PROBLEM DESCRIPTION:
Reproduce exactly, and only, the lines below from the one containing "Diretta Atletica, oggi" through the one containing "Under Armour Мъжки".

DATA:
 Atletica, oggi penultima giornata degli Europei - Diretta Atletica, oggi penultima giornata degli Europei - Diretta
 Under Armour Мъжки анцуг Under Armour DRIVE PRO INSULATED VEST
--
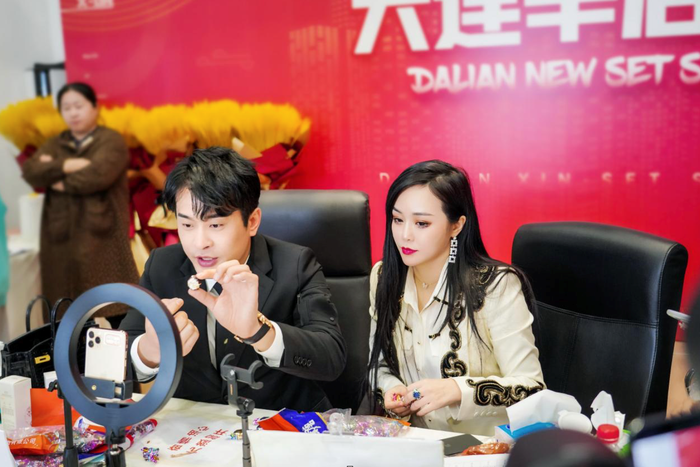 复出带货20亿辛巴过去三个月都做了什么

EXERCISE SOLUTION:
 Atletica, oggi penultima giornata degli Europei - Diretta Atletica, oggi penultima giornata degli Europei - Diretta
 Under Armour Мъжки анцуг Under Armour DRIVE PRO INSULATED VEST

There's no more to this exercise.